┌─ SOURCE DATA

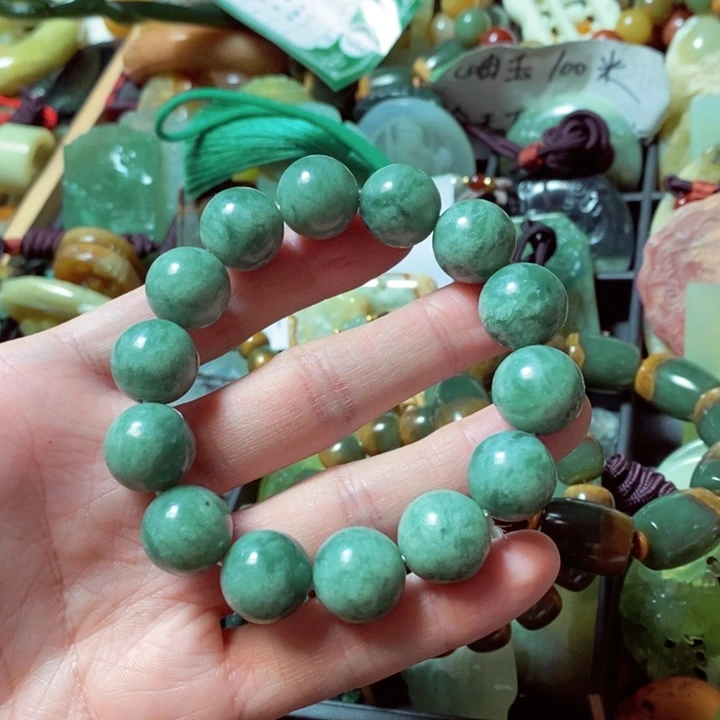 蛇纹石玉颈饰未镶嵌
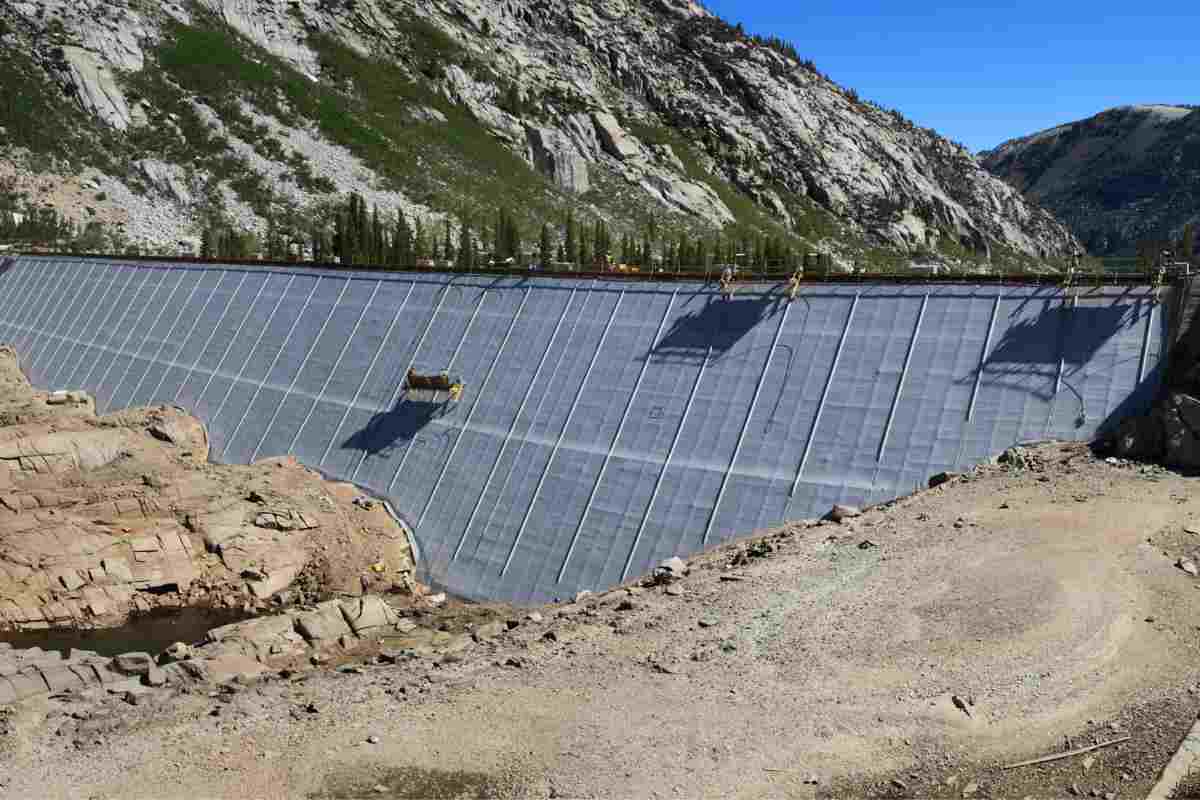 Siccità senza precedenti in Italia, la crisi idrica priva il Sud di acqua per l'agricoltura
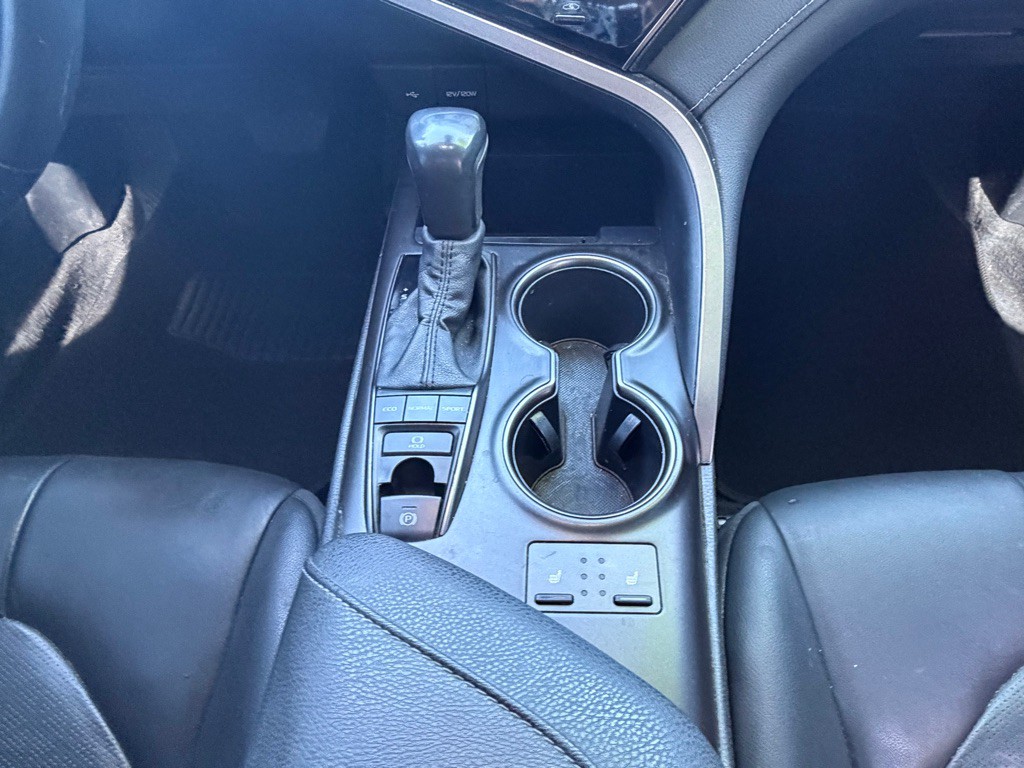 2022 Toyota Camry Image 16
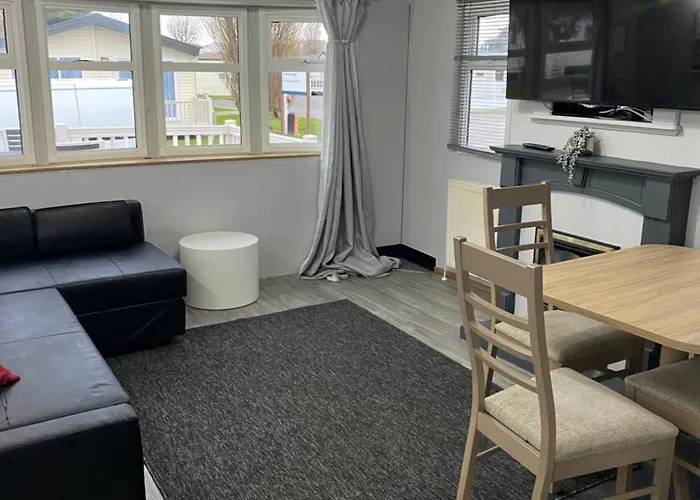 Cosy Caravan Near The Beach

└─

* **WORK REQUIRED**:
Pictures are not part of the copy; retype all the other material exactly.

* **EXERCISE RESULT**:
 蛇纹石玉颈饰未镶嵌
 Siccità senza precedenti in Italia, la crisi idrica priva il Sud di acqua per l'agricoltura
 2022 Toyota Camry Image 16
 Cosy Caravan Near The Beach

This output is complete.